Sejak mengenal dunia, La Hami dan orang-orang di desanya sebenarnya sudah diwanti-wanti untuk tidak pernah mendaki ke bukit keramat itu, apa pun alasannya. Katanya, bukit itu iso. Ompu Tua selalu menegaskan larangannya, “jangan sekali-sekali mendaki Doro Londa! Jangan cari perkara dengan doro itu! Siapa saja yang naik ke sana tak akan pernah kembali kecuali dengan membawa petaka.”
Doro Londa telah menjadi simbol hal-hal gaib bagi masyarakat di desa Panda, tempat La Hami tinggal, dan desa-desa lain yang membentang di kaki bukit tersebut. Menurut orang-orang desa, bukit itu sudah dikeramatkan sejak masyarakat masih menganut kepercayaan makakamba-makakimbi, sebelum Sang Bima datang. Dari bibir setiap sudut desa, La Hami sudah banyak mendengar cerita-cerita mistis yang dilahirkan oleh rahim Doro Londa dan entah berapa banyak lagi yang masih dikandungnya.
Doro Londa dan mitosnya selalu terselip di setiap pembicaraan warga desa. La Hami sering kali mendengar Ompu Tua bercerita tentang banyaknya jin yang menunggui bukit itu, serta kesialan yang akan menimpa siapa saja yang mendekati Doro Londa. Melalui ibu-ibu yang berkumpul saat membeli sayur keliling, La Hami juga tidak sengaja mendengar tentang mitos ular raksasa yang berkeliaran di bukit. Dari para remaja yang diam-diam pernah mendaki Doro Londa, La Hami mendengar lebih banyak variasi cerita. Mulai dari istana jin beserta pasukannya, kucing atau burung raksasa, sampai mahluk jadi-jadian. Setiap mereka khatam mendeskripsikan suatu mahluk, anak-anak remaja lain yang mendengarkan selalu ada yang mengelus-elus bulu tengkuknya atau sekedar menggigil kengerian.
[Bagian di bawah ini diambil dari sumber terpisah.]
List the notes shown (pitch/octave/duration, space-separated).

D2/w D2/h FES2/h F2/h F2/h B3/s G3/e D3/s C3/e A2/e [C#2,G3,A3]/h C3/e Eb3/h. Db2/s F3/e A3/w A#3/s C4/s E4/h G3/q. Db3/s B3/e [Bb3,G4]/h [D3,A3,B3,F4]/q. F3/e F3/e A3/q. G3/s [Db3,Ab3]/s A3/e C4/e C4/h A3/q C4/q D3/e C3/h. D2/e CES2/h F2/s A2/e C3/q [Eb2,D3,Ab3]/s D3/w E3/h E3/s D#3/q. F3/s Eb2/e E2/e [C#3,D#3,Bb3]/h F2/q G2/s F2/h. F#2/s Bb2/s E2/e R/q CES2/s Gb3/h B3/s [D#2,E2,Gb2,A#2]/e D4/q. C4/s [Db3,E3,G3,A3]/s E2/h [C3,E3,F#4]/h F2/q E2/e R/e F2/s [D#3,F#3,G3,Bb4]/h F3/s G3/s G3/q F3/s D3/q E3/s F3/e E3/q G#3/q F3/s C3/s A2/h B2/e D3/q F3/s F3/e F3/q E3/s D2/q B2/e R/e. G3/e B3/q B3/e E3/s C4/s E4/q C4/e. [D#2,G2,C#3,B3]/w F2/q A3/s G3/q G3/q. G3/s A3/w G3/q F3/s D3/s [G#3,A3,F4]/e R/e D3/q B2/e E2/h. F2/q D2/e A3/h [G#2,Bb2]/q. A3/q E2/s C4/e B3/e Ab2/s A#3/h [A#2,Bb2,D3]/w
La Hami tak punya pilihan selain mencari kayu bakar di Doro Londa. Melihat ibunya menjadi buruh di ladang orang lain untuk mengisi perut mereka berdua membuat hati La Hami perih. Selain menjadi buruh ladang, Kadang-kadang jika sedang sangat butuh uang, ibu La Hami mengetuk pintu rumah tetangga sekitar, menanyakan apakah ada pakaian yang mau dicucikan olehnya.
Ibunyalah satu-satunya orang yang tahu tentang pendakian doro londa yang dilakukan La Hami. Berkali-kali ia naik turun tanpa sepengetahuan orang desa kecuali ibunya. Berkali-kali pula ibunya membujuk La Hami mengurungkan niatnya untuk kembali menjajaki Doro Londa. Awalnya dia tak cuirga dengan kegiatan baru La Hami membantu keuangan keluarga dengan mencari kayu bakar. Betapa kaget bukan kepalanglah dia ketika La Hami mengaku mengambilnya di kedalaman Doro Londa. Meski begitu tentu saja ibunya tak akan melapor ke Ompu Tua. Semua yang diketahui pernah mendekati Doro Londa akan dijauhi warga desa. Bagi Ibu La Hami, itu artinya tak ada lagi yang akan memberinya pekerjaan.
Rasa iba pada ibunya telah membuat La Hami menjadi lelaki yang tidak takut pada mitos Doro Londa betapapun besar petakanya. Petaka terbesar La Hami adalah melihat ibunya tak makan seharian karena tak ada lagi ladang yang perlu digarap atau baju yang perlu dicucikan. Bahkan walau La Hami percaya, tak ada jalan lain yang bisa dilakukan untuk menjaga tungku di dapurnya tetap menyala. Ia bisa saja mengikut pada sampan-sampan nelayan untuk melaut. Namun pada musim penghujan seperti ini, penghasilan melaut menjadi sulit. Tak banyak ikan yang bisa ditangkap para nelayan, apalagi untuk La Hami yang hanya menumpang sampan. Pada musim hujan, justru kayu bakar menjadi mahal jika dijual di pasar. Itu selama orang-orang tak tahu, kayu tersebut berasal dari Doro Londa.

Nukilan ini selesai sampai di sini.